# New Speed Racer mockup pics...



## lenny (Feb 29, 2000)

<<eom>>


----------



## SCJ (Jul 15, 1999)

Looking good.........

---------------------------
www.SlotCarJohnnies.com


----------



## car guy (Nov 22, 2003)

Gonna have to find a Chim Chim figure now, lookin' good.


----------



## Captain Fred (Feb 19, 2000)

Very nice! :thumbsup:


----------



## rodstrguy (Feb 14, 2002)

Dan, Looking great, but where is the GRX? Can't wait to see painted cars and be able to get them...


----------



## JordanZ870 (Nov 25, 2004)

*drool* I am impressed!
Lenny, thank you for taking this project on.
I need to own that one too!


----------



## jack0fall (Sep 8, 2004)

:thumbsup: Berry Berry Nice :thumbsup:

Can't wait to hear when this is going to be available...

Jeff


----------



## SCJ (Jul 15, 1999)

rodstrguy said:


> Dan, Looking great, but where is the GRX? Can't wait to see painted cars and be able to get them...


 
Take a close look...isn't the second pic the GRX?

--------------------------
www.SlotCarJohnnies.com


----------



## lenny (Feb 29, 2000)

<eom>


----------



## lenny (Feb 29, 2000)

jack0fall said:


> :thumbsup: Berry Berry Nice :thumbsup:
> 
> Can't wait to hear when this is going to be available...
> 
> Jeff


 Hopefully these will be in my hands shortly after Thanksgiving...


----------



## dlw (Aug 17, 1999)

Nice effort Lenny. But it looks a liitle too big in contrast with the wheels.


----------



## lenny (Feb 29, 2000)

dlw said:


> ...it looks a liitle too big in contrast with the wheels.
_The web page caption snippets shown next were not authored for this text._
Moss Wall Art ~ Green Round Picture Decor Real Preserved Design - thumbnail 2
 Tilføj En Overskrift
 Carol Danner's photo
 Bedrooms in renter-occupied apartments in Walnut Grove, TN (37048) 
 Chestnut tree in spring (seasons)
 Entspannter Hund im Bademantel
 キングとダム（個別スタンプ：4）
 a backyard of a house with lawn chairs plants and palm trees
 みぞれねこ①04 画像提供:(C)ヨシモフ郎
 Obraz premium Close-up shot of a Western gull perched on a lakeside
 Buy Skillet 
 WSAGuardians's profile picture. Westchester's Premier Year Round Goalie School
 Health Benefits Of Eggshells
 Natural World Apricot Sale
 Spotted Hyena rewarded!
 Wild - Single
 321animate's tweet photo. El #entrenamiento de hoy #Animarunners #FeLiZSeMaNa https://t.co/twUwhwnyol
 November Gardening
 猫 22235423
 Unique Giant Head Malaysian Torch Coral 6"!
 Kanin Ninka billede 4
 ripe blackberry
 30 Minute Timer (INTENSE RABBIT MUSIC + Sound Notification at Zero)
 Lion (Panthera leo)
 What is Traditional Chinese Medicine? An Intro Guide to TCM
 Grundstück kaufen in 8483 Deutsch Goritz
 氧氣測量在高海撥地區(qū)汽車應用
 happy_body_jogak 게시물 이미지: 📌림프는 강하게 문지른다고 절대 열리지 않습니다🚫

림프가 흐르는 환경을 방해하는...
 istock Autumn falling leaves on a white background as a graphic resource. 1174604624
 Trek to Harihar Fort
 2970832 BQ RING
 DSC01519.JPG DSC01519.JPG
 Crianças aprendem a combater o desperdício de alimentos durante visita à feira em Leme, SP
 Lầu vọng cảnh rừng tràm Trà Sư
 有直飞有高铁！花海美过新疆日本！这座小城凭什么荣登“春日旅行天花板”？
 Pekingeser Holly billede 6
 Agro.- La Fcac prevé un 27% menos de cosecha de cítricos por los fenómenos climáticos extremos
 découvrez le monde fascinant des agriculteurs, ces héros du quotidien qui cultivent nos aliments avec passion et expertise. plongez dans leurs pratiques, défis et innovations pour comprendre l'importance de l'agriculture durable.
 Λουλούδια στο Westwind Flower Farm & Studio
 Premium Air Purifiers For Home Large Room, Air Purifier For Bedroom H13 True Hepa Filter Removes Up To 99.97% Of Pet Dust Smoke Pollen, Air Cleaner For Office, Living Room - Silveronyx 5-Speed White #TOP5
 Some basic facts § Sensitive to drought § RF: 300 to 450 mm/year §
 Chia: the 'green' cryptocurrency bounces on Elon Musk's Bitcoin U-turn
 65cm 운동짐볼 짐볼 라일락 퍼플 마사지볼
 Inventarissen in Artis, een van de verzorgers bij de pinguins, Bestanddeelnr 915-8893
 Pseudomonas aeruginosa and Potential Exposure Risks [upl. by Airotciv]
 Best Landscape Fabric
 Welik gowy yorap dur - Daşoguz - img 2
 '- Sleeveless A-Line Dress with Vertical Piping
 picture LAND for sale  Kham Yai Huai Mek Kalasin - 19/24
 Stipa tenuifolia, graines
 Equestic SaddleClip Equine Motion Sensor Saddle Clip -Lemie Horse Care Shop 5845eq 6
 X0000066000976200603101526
I'm sure they'll be fine. These are photos from the factory. When I get these in my hands, I'll look at the overall size, how high they ride, etc and they 'll adjust them accordingly. They did an awesome job of implementing the changes noted on the first mockups. 

Dan


----------



## buzzinhornet (Jan 20, 2000)

lenny said:


> I'm sure they'll be fine. These are photos from the factory. When I get these in my hands, I'll look at the overall size, how high they ride, etc and they 'll adjust them accordingly. They did an awesome job of implementing the changes noted on the first mockups.
> 
> Dan


They're looking great Dan! 

I agree w/ dlw tho'. Try and keep 'em as low on the chassis as possible.  

GP


----------



## fordcowboy (Dec 27, 1999)

good job man!!!! I buy some.


----------



## noddaz (Aug 6, 1999)

looks great Dan!
I will have to put these on the "must have" list.
Scott


----------



## 1976Cordoba (Sep 20, 2000)

lenny said:


> We're getting closer to production tooling. Take a look at these babies!!


 Neat stuff.

Speed Racer isn't really my thing but you're a local guy so I can support this :thumbsup:

'Doba


----------



## hefer (Sep 18, 1999)

I'll get some of these to go with my JL MOPARS. If I HAD any JL MOPARS!!!


----------



## Omega (Jan 14, 2000)

Dan,

They are looking great. Thank you again. I know I will be buying a least 2 of each. How are the other cars you had in the works comming?

Dave


----------



## AfxToo (Aug 29, 2003)

Wow, those cars are looking great. I can't wait to place my order.


----------



## stlouisracer (Jul 8, 2005)

I have diecast versions of the Mach 5, Shooting Star, GRX, and the red #5 car from the Speed Racer Series. I think they were made by PM/JL, but do not know for sure. I have them converted to tjets, and they all run like hogs since they are so heavy. Let me know if you want to see a photo. These test shot photos look better detailed than the diecast cars I have.


----------



## lenny (Feb 29, 2000)

stlouisracer said:


> I have diecast versions of the Mach 5, Shooting Star, GRX, and the red #5 car from the Speed Racer Series. I think they were made by PM/JL, but do not know for sure. I have them converted to tjets, and they all run like hogs since they are so heavy. Let me know if you want to see a photo. These test shot photos look better detailed than the diecast cars I have.


<<eom>>


----------



## JJ2112 (Mar 12, 2003)

Very very cool.... they'll be on my wish list for sure.


----------



## lenny (Feb 29, 2000)

*More cool stuff coming in the next year...*

<<eom>>


----------



## jack0fall (Sep 8, 2004)

:roll: Way to go Lenny.... Can't wait to see some (at least one of each) of them in my box. :thumbsup:


Jeff


----------



## lenny (Feb 29, 2000)

*Future T-Jet bodies...*

<<eom>>


----------



## micyou03 (Apr 8, 2003)

I've certainly picked a bad time to switch to 1/43rd scale.


----------



## lenny (Feb 29, 2000)

micyou03 said:


> I've certainly picked a bad time to switch to 1/43rd scale.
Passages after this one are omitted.